Maintaining the quality set early on the sound effects continue to be one of the movies strong suites throughout, though conversely its weakest. The ricochet of bullets or the screams of fallen enemies really grab the attention and transport the mind but the films score is overpowering and often at odds with the backdrop it is placed against.

Outwith the audio the strongest draw are the talented actors. Anthony Quinn threatens to steal the show with his laconic Andrea, particularly when a break from his stoic nature raises the possibility of double crossing. It is however the partnership of Gregory Peck and David Niven that commands the majority of the plaudits. From the very beginning the twosome are at odds, with their very styles clashing. Here we have the classic British gent and his American officer not quite understanding his underling’s reticence nature.

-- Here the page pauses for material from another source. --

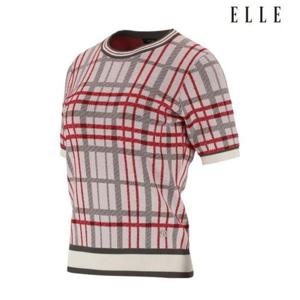 엘르골프 세이브존01 여성 반팔 라운드 스웨터 (SET) 6K63341 220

This simmers enticingly beneath the surface until it comes to a head in an unexpected Poirot-esque confrontation.

That is not to say The Guns of Navarone is without its shortcomings; the dodgy soundtrack and the lack of character building are forgivable. However the decidedly laborious middle section, when the band of intrepid heroes met the Greek resistance is off putting but not without its payoff. The same cannot be said for a love story that is shoehorned in for no reason and is at best pointless.

Verdict: A solid if long film, come for the exciting dare do of men on a mission and stay for the excellent performances and atmospheric sound effects.